Der Kalender der Tukano2
Denken und wirtschaften in natürlichen Kreisläufen: Teil 13 der Wissensserie!
Die Tukano sind eine der größten Volksgruppen, die im Einzugsgebiet des Rio Negro leben. Genauer gesagt am Rio Tiquié, einem der mächtigsten seiner 700 Nebenflüsse. Gemeinsam mit unseren Partnerorganisationen ISA und FOIRN halten in der Region seit vielen Jahren sogenannte „Umweltbeauftragte“ (portugiesisch AIMA) Beobachtungen über die Zusammenhänge zwischen landwirtschaftlichen Praktiken, Fischbeständen, dem Sammeln von Früchten, Jagdzeiten, Ritualen und Bräuchen mit den jährlich stattfindenden (klimatischen) Zyklen fest. Tägliche Aufzeichnungen dienen dabei als Grundlage für die Analyse. Sie werden zu einer Jahresübersicht zusammengeführt und mit dem traditionellen Kalender der Tukano verglichen.
Sternbilder am Abendhimmel
Diesem kosmischen Kalender liegen die unterschiedlichen Sternbilder, welche jeweils am Abendhimmel zu sehen sind, zu Grunde. Sie bilden die Basis für die jährlichen Zyklen und den Wechsel zwischen Regen- und Trockenperioden. Das Erscheinen bestimmter Sternbilder steht in engem Zusammenhang mit bestimmten Landwirtschaftszyklen, Wachstum-, Reife- und Erntezeitpunkten gewisser Früchte, Laichzeiten und Wanderung bestimmter Fischarten.

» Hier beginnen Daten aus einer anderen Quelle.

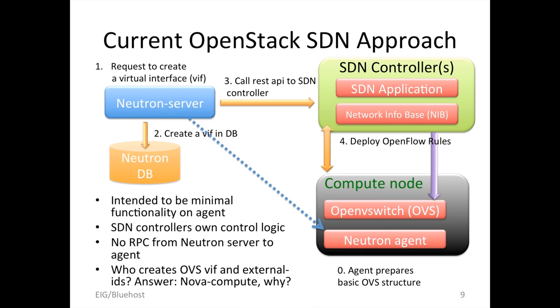Who is creating the Open vSwitch tap interface? Nova Compute. We thought Neutron's main motivation was to pull out all network functionality into Neutron — whatever component in Neutron is supposed to create the OVS tap. Of course, there was no RPC path. So just use Nova Compute, which already has RPC, and use it to create the tap. These are the problems we ran into in our data center. We have to apply this framework to our environment anyway.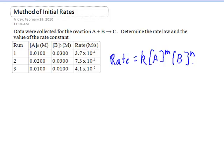Now what we need to do is determine these values. To do this we're going to go back and look at our data. If I look at the first two runs, I notice that the concentration of B does not change, but the concentration of A does. So in order to determine the order of reaction with respect to A, or the number M, I'm going to compare those two runs. The easiest way to do this is to divide out the rate law expressions for each of these two reactions. So I'm going to start by taking reaction two.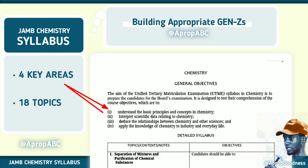The second one is to interpret scientific data relating to chemistry — understand the scientific data and how they relate to chemistry. Third, deduce the relationship between chemistry and other sciences: we have physics, biology, and all of those. Know the relationship between them. Fourth, apply the knowledge of chemistry to industry and everyday life.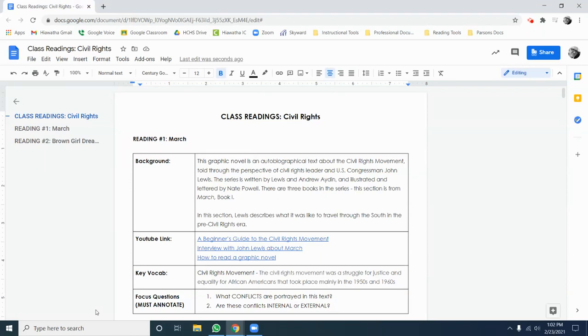Hey folks, it's Mr. Parsons. You just got a new set of class readings on the topic of civil rights. As always, when we get a new set of class readings, we have to annotate them. So this video is an explainer on how I want you to do that.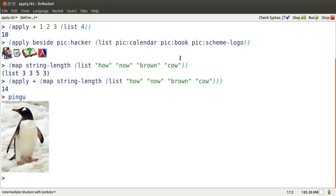There's Pingu. Scale Pingu takes a number, gives me a Pingu that big.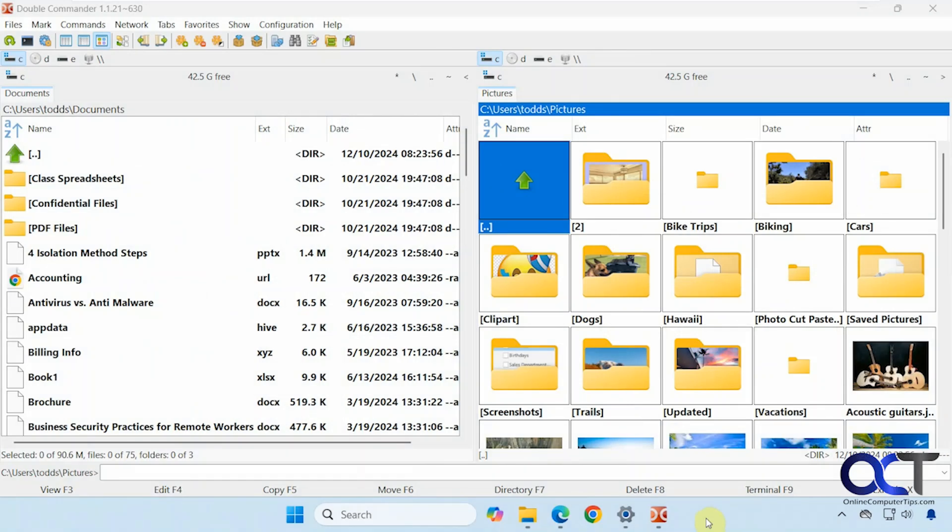Hi, in this video we're going to show you a free file manager tool you could use. So let's say you're not a fan of the Windows File Explorer, you could use this instead.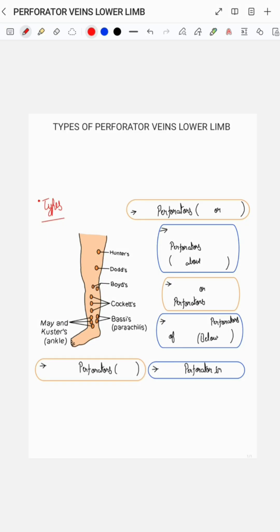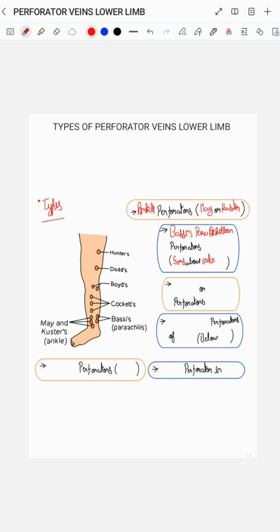Types of perforator veins in the lower limbs include the ankle perforators, also known as the May or Kuster perforators. Then we have the paratibial perforators, which are present 5 cm above the calcaneum. Then we have the Cockett's, or the lower leg perforators.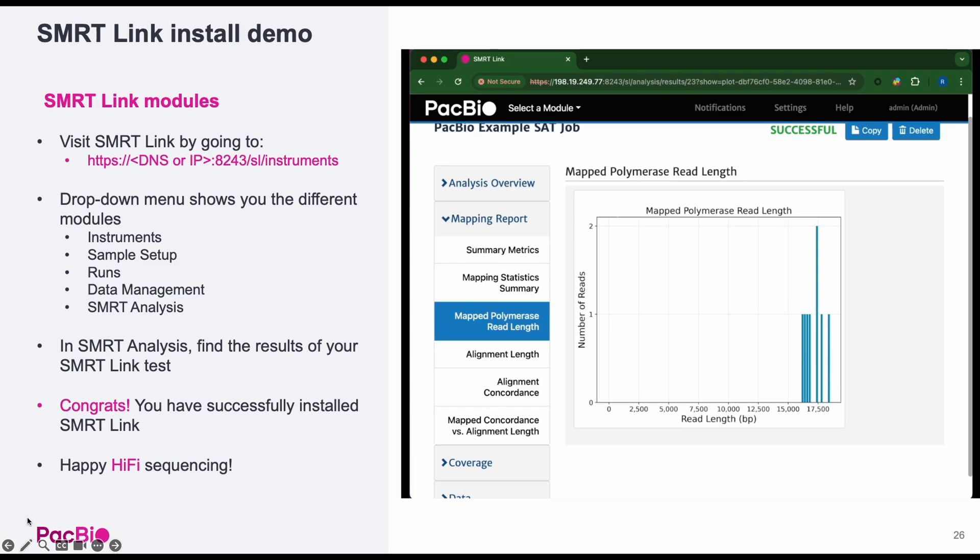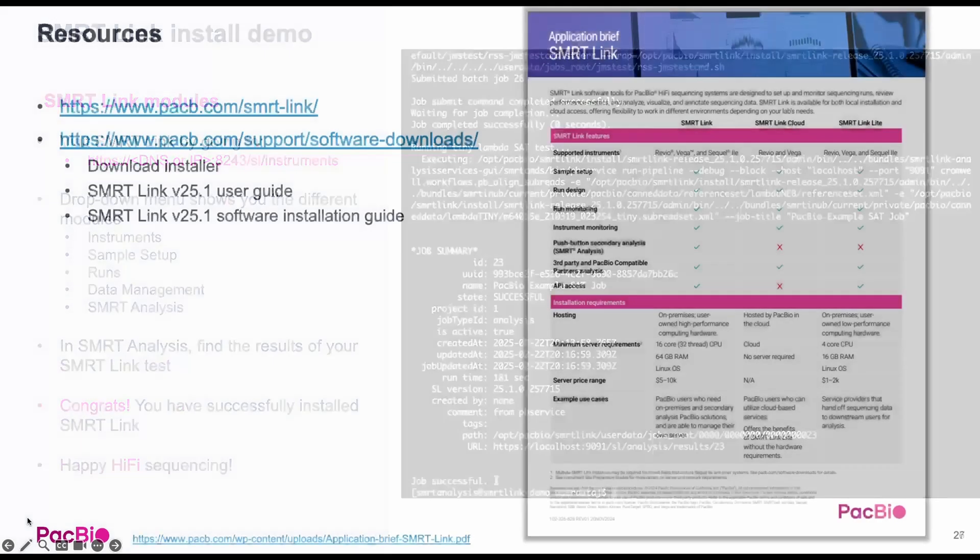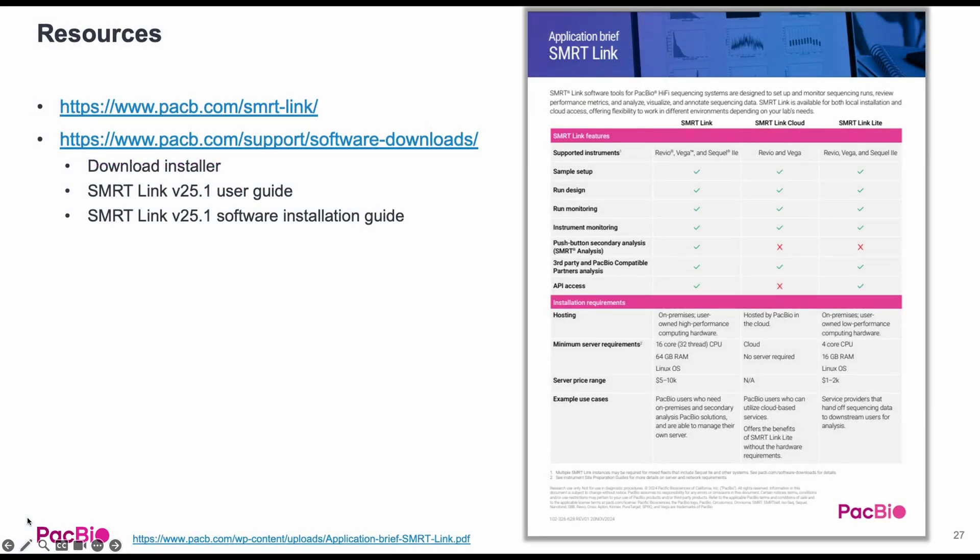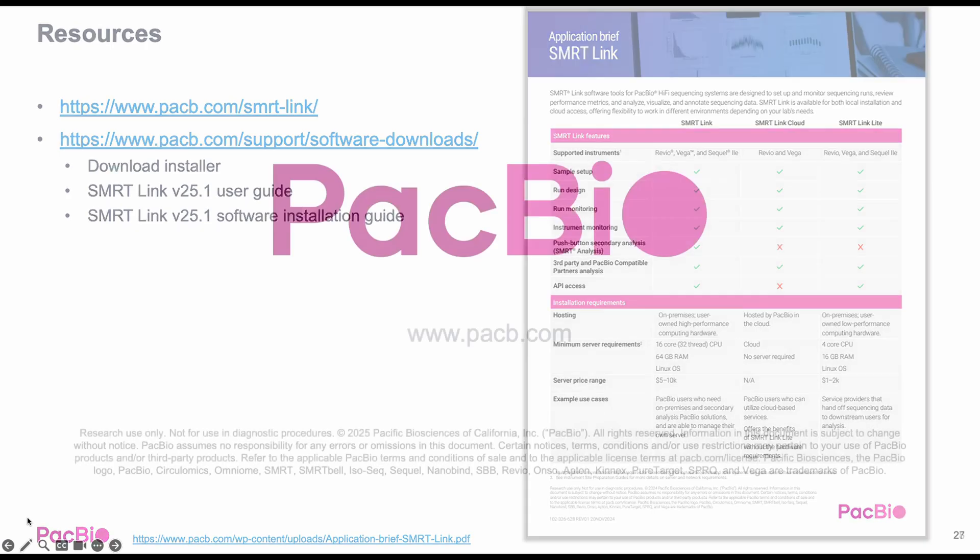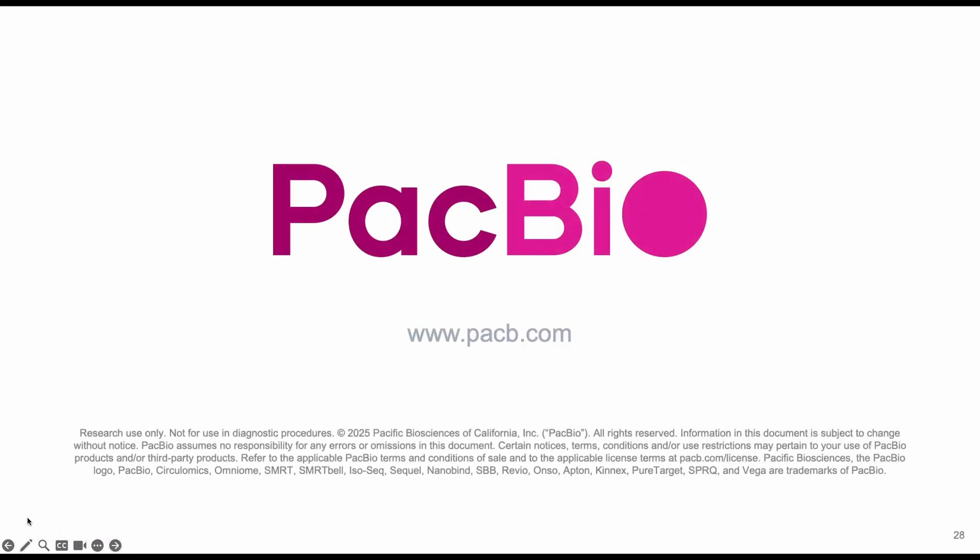For more information, you can visit the resources on this page or check out our application brief highlighting the different versions of SmartLink. Thanks again for watching.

Da der Rio Tiquié in Äquatornähe liegt, variieren diese Sternbilder kaum und erscheinen zumeist um die gleiche Uhrzeit. Die Regenzeiten sind dabei ebenfalls nach diesen Sternbildern benannt. In den Erzählungen der Völker des Rio Tiquié steht jede dieser Sternenkonstellationen in engem Zusammenhang mit einer Episode des Gründungsmythos.

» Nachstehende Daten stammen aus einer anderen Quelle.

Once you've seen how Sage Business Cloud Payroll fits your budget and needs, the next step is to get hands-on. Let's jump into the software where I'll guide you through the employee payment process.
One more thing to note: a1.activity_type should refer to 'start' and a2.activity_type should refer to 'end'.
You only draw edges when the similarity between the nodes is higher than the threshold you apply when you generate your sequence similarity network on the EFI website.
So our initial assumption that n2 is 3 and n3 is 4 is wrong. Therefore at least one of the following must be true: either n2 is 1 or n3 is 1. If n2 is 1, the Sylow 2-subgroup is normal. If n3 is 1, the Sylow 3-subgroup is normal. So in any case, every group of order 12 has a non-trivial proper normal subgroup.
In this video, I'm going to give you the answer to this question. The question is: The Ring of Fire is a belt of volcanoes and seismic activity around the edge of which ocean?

Wissen über natürliche Zyklen ist essentiell
Die sauren und nährstoffarmen Böden und Gewässer des nordwestlichen Amazonasgebiets stellen komplexe ökologische Herausforderungen an seine Bewohner:innen – sie zu kennen, nutzen und verstehen erfordert jahrtausendelange Beobachtungen der natürlichen Lebenszyklen und eine generationenübergreifende Wissensweitergabe. Diese harschen Bedingungen bestimmen soziokulturelle Praktiken und Rituale und bilden die natürliche Grundlage für den jahreszeitlichen Kalender der Tukano. Die Übereinstimmung der natürlichen Zyklen ist für die Bewohner:innen des Rio Tiquié daher essentiell, denn sie ernähren sich vordergründig aus der sie umgebenden Natur und sind auch teilweise auf das Vorkommen gewisser Pflanzen für die Vorsorge und Heilung bestimmter Erkrankungen angewiesen.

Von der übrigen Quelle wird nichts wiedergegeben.